Hoping to get your advice on this. Every year around wintertime, i've had excess humidity buildup in the attic. Last year, I went up into the attic and found that they never broke the 2x bathroom vents out into the soffit. I attributed the moisture buildup to this and had the builder remedy the problem. This year, I once again have excess moisture buildup in the attic, which frosts up against the sheeting, then melts during a thaw, and ends up wetting the insulation. Last year, I had the builder replace the insulation due to its performance characteristics being altered after becoming wet. This year, I will likely do the same, but the problem is -- the builder is STUMPED. They don't know why this is happening. None of the soffit vents are blocked, I have one of the really good high-rising Venmar vents, and about 600sq ft of attic space.

My own theory is that the dryer and the bathrooms vented into the soffit are causing the problem, primarily because the louvers are pointed back into the soffit. I had my spouse run the dryer while i was in the attic, and the entire thing smelt laundry-fresh when she did so. This leads me to suspect that with the natural roof convection, it's drawing the warm humid dryer air back into the attic.

The roof is a gable roof, on a mid-unit (connected on both sides) townhome, with a north-south exposure. Only the north side aspenite is wet, the south is fine. There are no leaks or penetrations in the roof, this is purely a condensation problem. I checked all of the bathroom vent boxes, and they were all well sealed and tuck taped.

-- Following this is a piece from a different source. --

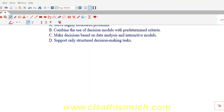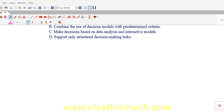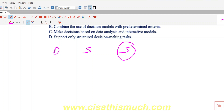A decision support system has three words: decision plus support plus system. The name itself tells you the meaning — it's a system designed to support making decisions. When you want to decide something, you are basically using a software or a tool which is helping you to take informed decisions.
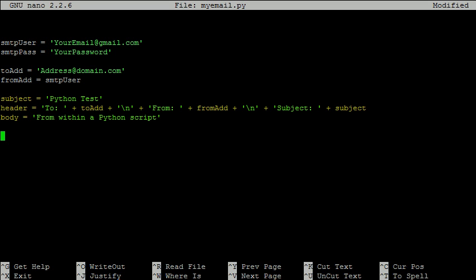Next, we set up the email which consists of a subject, header, and body. The header contains the to, from, and subject for the email. The slash n indicates a new line, so the header will span three lines. To see that everything is in order, we can print this to the terminal.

I also checked all of the rigid and flex vent lines in the attic, and all appear to be well sealed with no penetrations.

I need a professional opinion about this, since I am listing the home on the market, and do not want to pass on any problems to the purchaser, especially while the builder is willing to correct the problem at no cost outside of the warranty period.

In particular, I'd be curious to know if there's any section in the Ontario Building Code that stipulates blocking off the soffit ventilation within a certain distance of the exhaust vents

Thank you so much for your help.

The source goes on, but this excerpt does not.